*Source records*:
▼

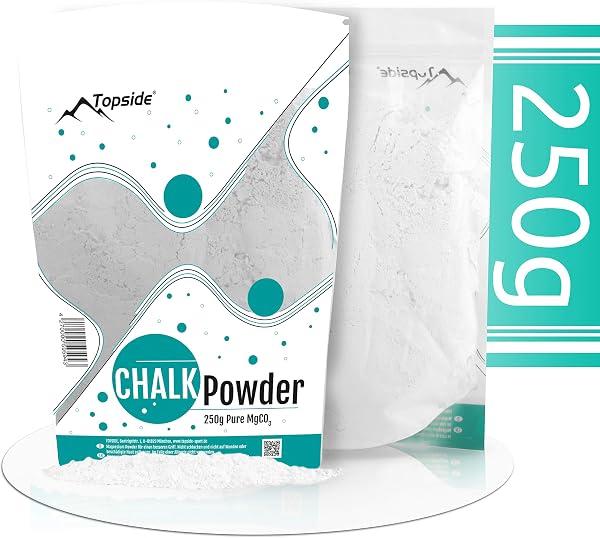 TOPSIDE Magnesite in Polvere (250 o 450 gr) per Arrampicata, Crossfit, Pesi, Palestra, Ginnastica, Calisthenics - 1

▲
▼

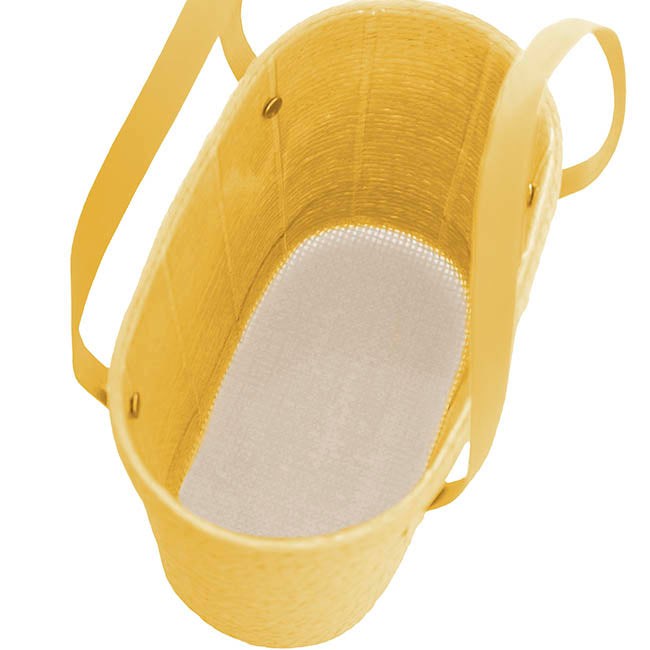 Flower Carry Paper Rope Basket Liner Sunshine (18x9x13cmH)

▲
▼

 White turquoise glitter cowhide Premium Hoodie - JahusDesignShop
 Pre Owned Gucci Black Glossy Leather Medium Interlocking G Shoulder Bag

▲

*Task description*: Once the line with "White turquoise glitter" is found in the records above, print exactly that line and every line after it through the line with "Pre Owned Gucci".

*Result*:
 White turquoise glitter cowhide Premium Hoodie - JahusDesignShop
 Pre Owned Gucci Black Glossy Leather Medium Interlocking G Shoulder Bag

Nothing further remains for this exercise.